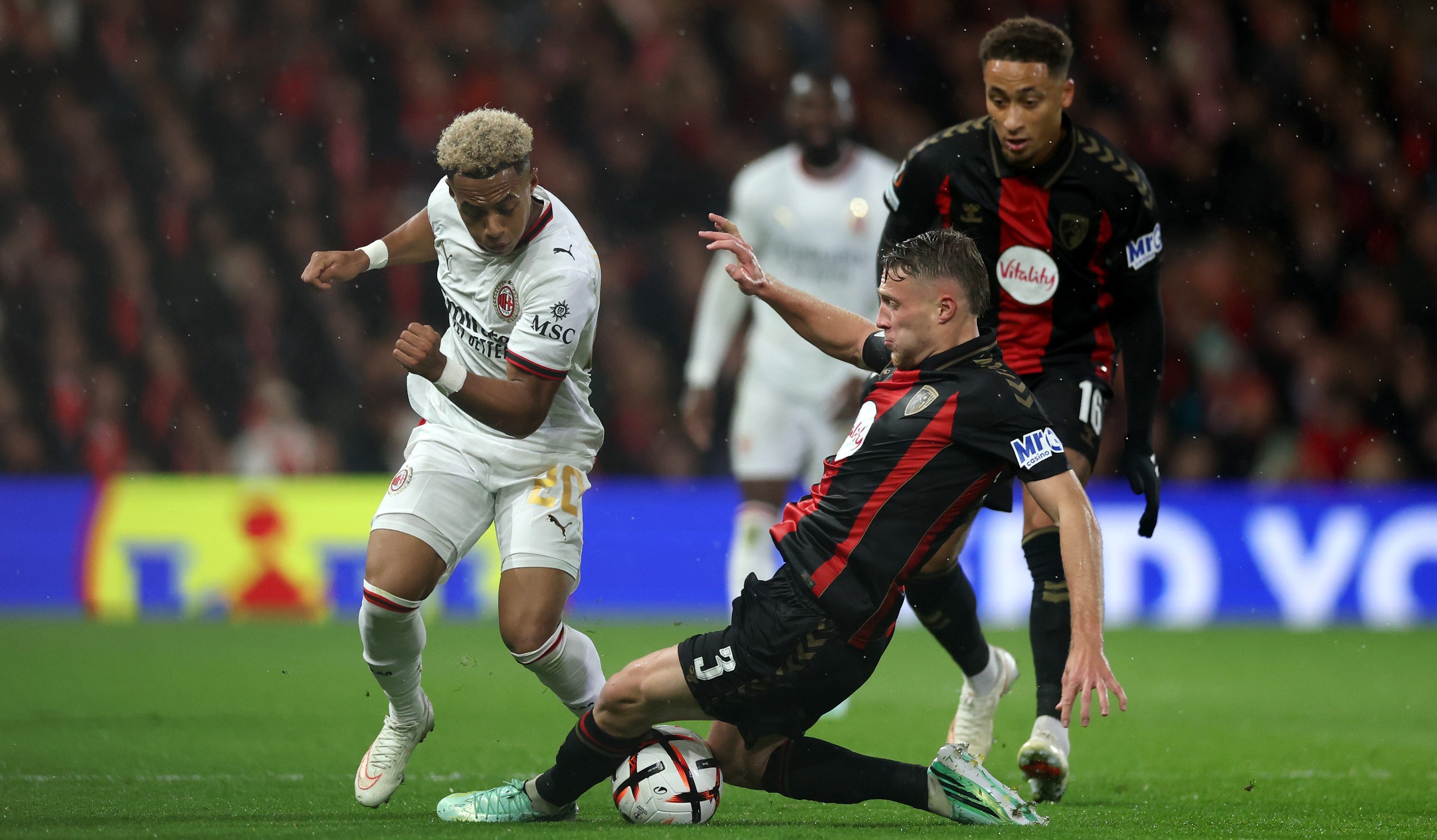 Omari Hutchinson of AC Milan is tackled by Adrien Truffert of Bournemouth during the UEFA Europa League 2026/27 League Phase match at Bournemouth Stadium on October 22, 2026 in Bournemouth, England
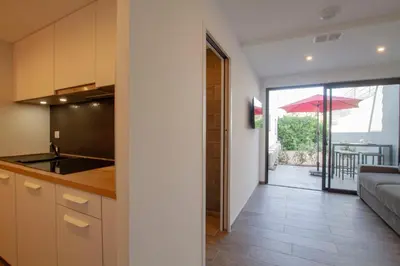 a kitchen and living room with a view of a patio at STUDIO PORTICCIO AGOSTA PLAGE in Porticcio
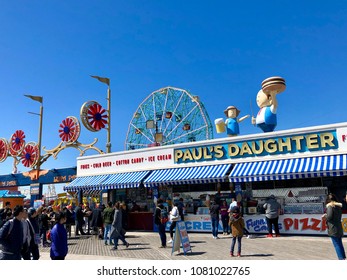 BROOKLYN, NY - APRIL 22, 2018: People Pass By The Famous Paul’s Daughter Fast Food Store In Brighton Beach Promenade Near The Deno’s Wonder Wheel Amusement Park.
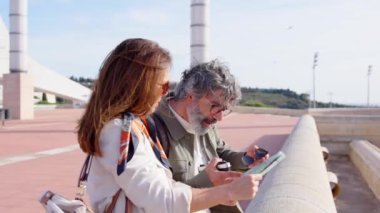 Olgun turist çifti harita ararken güzergah veya istikamet seçiyor.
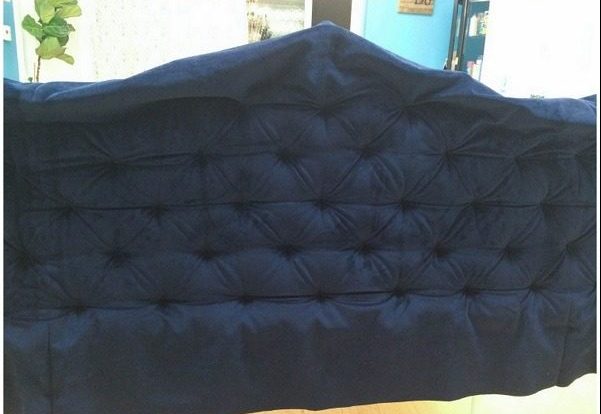 Check out this tutorial on how to make a diamond tufted headboard. Looks easy enough!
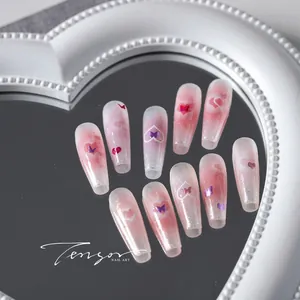 Macro view of long coffin press-on nails with pink gradient, pearls and butterfly sequins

- _WHAT TO WORK ON_: Nothing but the lines from the first line of the data through the line with "Olgun turist çifti" belongs in the answer, copied exactly and without pictures.

- _RESULT OF THIS EXERCISE_:
 Omari Hutchinson of AC Milan is tackled by Adrien Truffert of Bournemouth during the UEFA Europa League 2026/27 League Phase match at Bournemouth Stadium on October 22, 2026 in Bournemouth, England
 a kitchen and living room with a view of a patio at STUDIO PORTICCIO AGOSTA PLAGE in Porticcio
 BROOKLYN, NY - APRIL 22, 2018: People Pass By The Famous Paul’s Daughter Fast Food Store In Brighton Beach Promenade Near The Deno’s Wonder Wheel Amusement Park.
 Olgun turist çifti harita ararken güzergah veya istikamet seçiyor.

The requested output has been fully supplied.